> **DATASET**:

#####

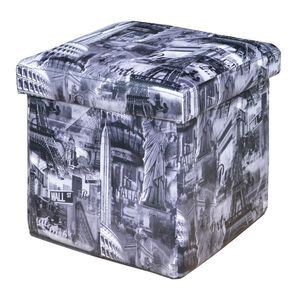 Storage Organisation Home More Deluxe City Folding Ottoman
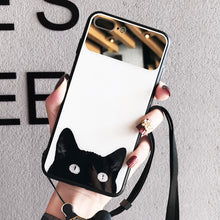 Load image into Gallery viewer, Black Cat iPhone Case - 2 Styles Available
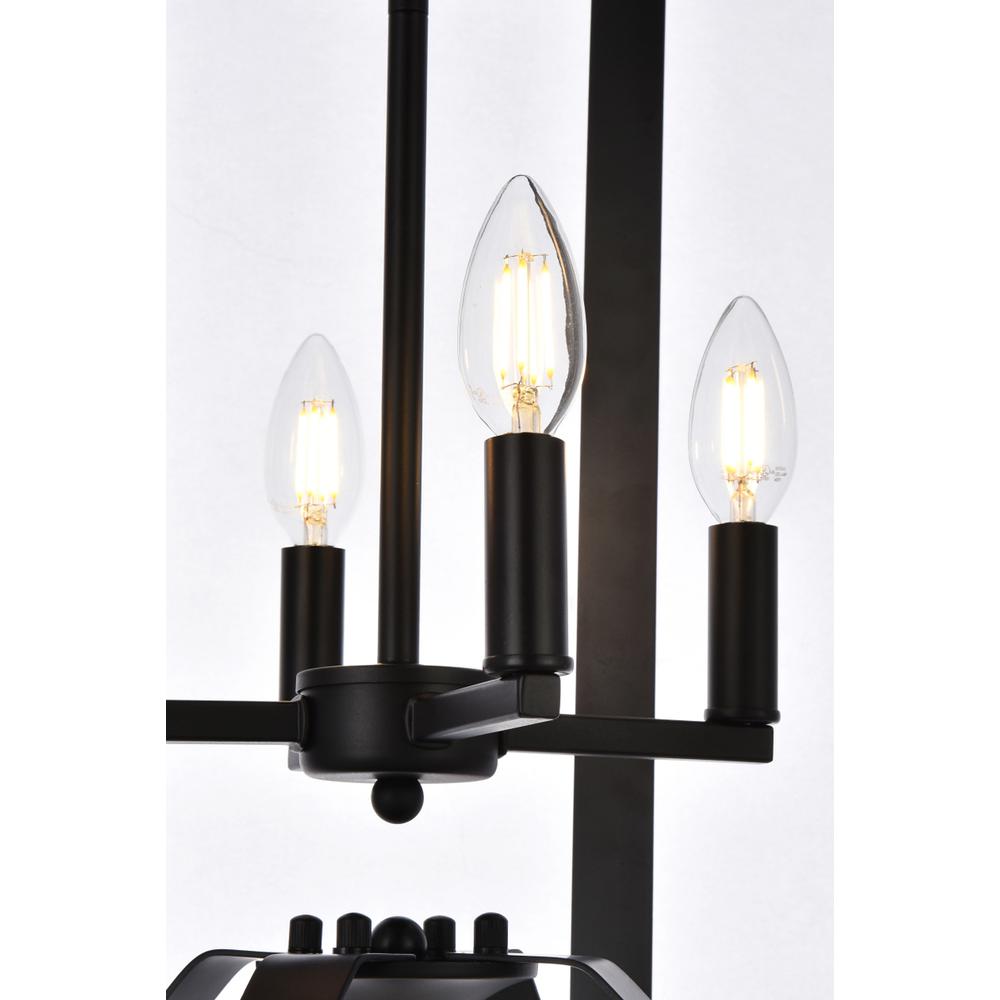 Hoffman 4 lights pendant in black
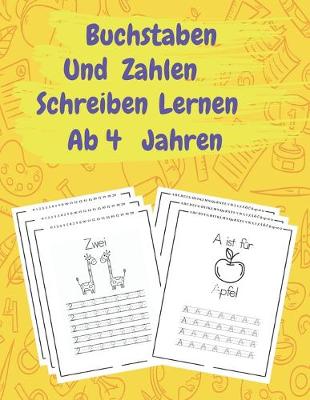 Book cover for buchstaben und zahlen schreiben lernen ab 4 jahren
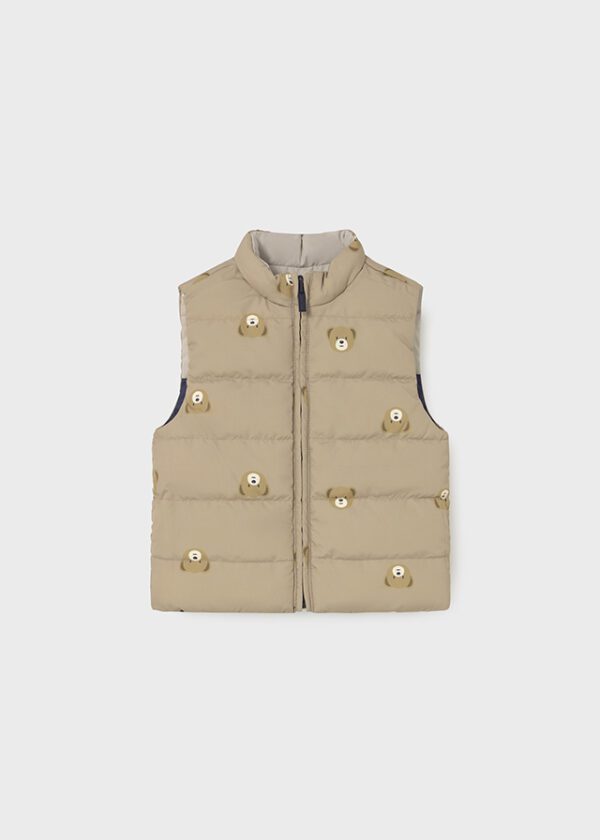 Mayoral Toddler Navy Reversible Bodywarmer 2348 - Image 5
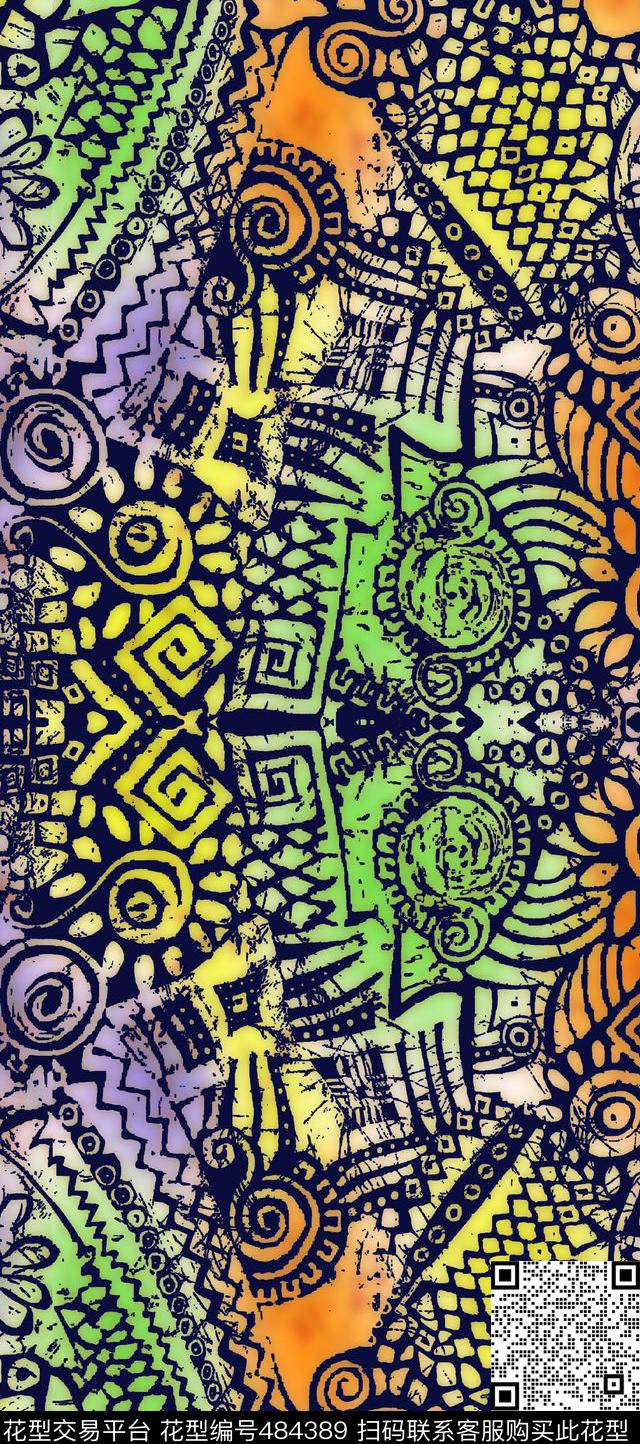 男女装面料泳装数码印花华亿平台下载（图片编号: 484389） - 瓦栏（Walan）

#####

> **YOUR OBJECTIVE**: In your copy, repeat the records above exactly and include no images.

> **REPLY TO THE TASK**:
 Storage Organisation Home More Deluxe City Folding Ottoman
 Load image into Gallery viewer, Black Cat iPhone Case - 2 Styles Available
 Hoffman 4 lights pendant in black
 Book cover for buchstaben und zahlen schreiben lernen ab 4 jahren
 Mayoral Toddler Navy Reversible Bodywarmer 2348 - Image 5
 男女装面料泳装数码印花华亿平台下载（图片编号: 484389） - 瓦栏（Walan）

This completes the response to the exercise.